– Reviewed by Emma Lee –
These three pamphlets from Ali Znaidi, an English teacher from Tunisia who also writes poetry and translations, demonstrate an appreciation of language and syntax and a desire to experiment with both. His debut pamphlet, Experimental Ruminations (2012) begins with a series of sonnets – which use the volta but don’t follow the traditional sonnet pattern – around a theme. “Sonnet 4” explores grey:
He escaped the grey town.
The colour grey harmed the eyes.
The eyes wanted to see other colours
diluted w/ desire.
The colour grey—ash in the ashtray,
grey pebbles prisoned in asphalt,
scents of a burnt tyre:
All coerced the poor eyes.
Same colour cuffed the eyes
from eyelash to eyelash.
The eyes wanted to see prairies, so lush.
Even a flash of greenness would suffice.
It would set the eyes aglow,
saving them from a deathblow.
The longing to escape grey also signifies desire to escape a limited, depressed life and rekindle curiosity and wonder. This theme is picked up again in “against suffocation theory”, in which clothes are a form of restriction – particularly the necktie – and escape comes with bathing after disrobing. It’s laid out as a concrete poem, taking on the shape of one tie around a neck followed by a second, creating a chain, the visuals reinforcing the sense.
The restrictiveness of clothing also recurs in “Ease is a Pair of Stockings Torn Away”, which opens with “anxiety encumbers the soul / melancholy=depression – colour of coal / life is tiring” and ends: “tearing the pair of s/t/o/c/k/i/n/g/s away / is the synonym of ease / liberation+euphoria—colour of light.”
The second pamphlet, Bye Donna Summer! (2014), is a series of haiku inspired by the singer, e.g. “sirocco gusted / roses’ corpses everywhere / Summer was crowned king”, or
a necklace of snow
locked between two
white sugary teeth
melted by a rough river
when kissing her lips
These are the only two haiku that appear to have a sequential link.
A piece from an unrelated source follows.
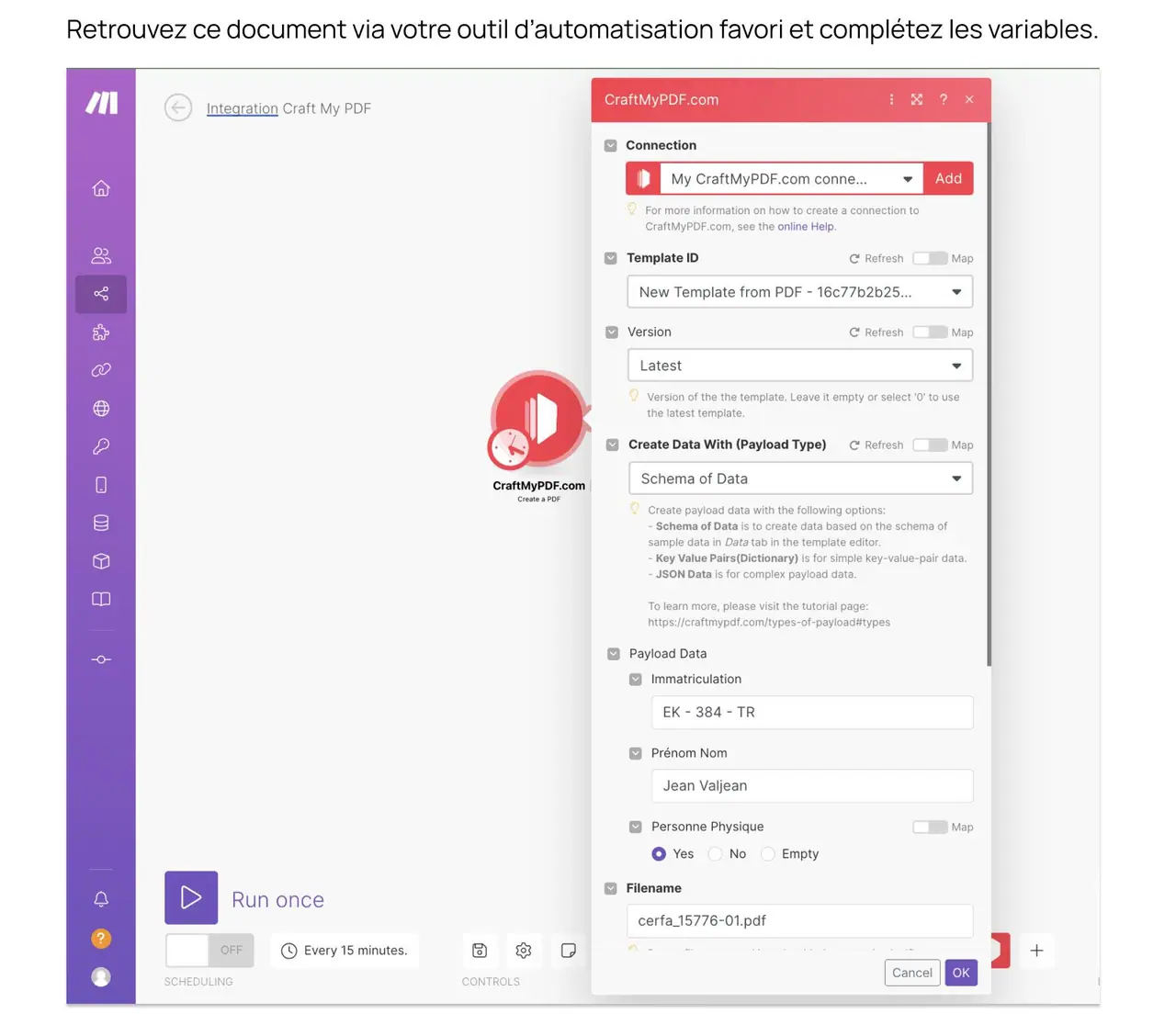 Le module Craft My PDF dans Make, son modele et les champs a remplir.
The others explore images that could be inspired by a lyric, by watching Donna Summer perform, by watching an audience react to a performance, or by a memory from the poet’s life. Individually, the haiku are effective, but I didn’t find that they cohered into a sequence. Only the final two haiku directly reference song titles (“Dim all the Lights” in the first, and “Last Dance” and “No More Tears” in the second):
On a spring morning
Dim the lights, ‘Dim all The Lights’
I’ll miss you Summer
‘Last Dance’ of spring rain
The lake’s water desiccates
‘No More Tears’ to shed
Znaidi’s third pamphlet, Taste of the Edge (2014), refocusses on language. In “Erasure”:
I took some drops of bleach
& rinsed my T.V. screen,
trying to erase all of the mass
communication theories of
politics, & the double standard
The title poem suggests “a taste of the edge / stays w/ you forever / forever energizes you – / metabolism in your / blood” without saying what “the edge” is. It ends: “imagine a rock at the edge / of sandy path,” suggesting that the edge is beyond one’s usual path or comfort zone and signifies being open to new ideas and curiosity. This echoes the first pamphlet, but here Znaidi suggests that individual inertia, rather than downtrodden limitation, holds people back. “I don’t fear the lunar eclipse” is another loose sonnet:
I don’t fear the waning of the moon, & this nocturnal
dejection that was enfleshing me disappears
when the storm intensifies – a sense of healing to
such a boredom;
The linear lights of the moon conceal many bits of the truth –
hurdles against that deconstructed reality that we are
I don’t fear the waning of the moon because
something new will be divulged
in this dark
There’s a note of hope, the pamphlets progressing from grey to light. The desire to move on or to escape is still there but is an escape that can happen if the individual chooses, rather than the dispiriting greyness of stasis in Experimental Ruminations.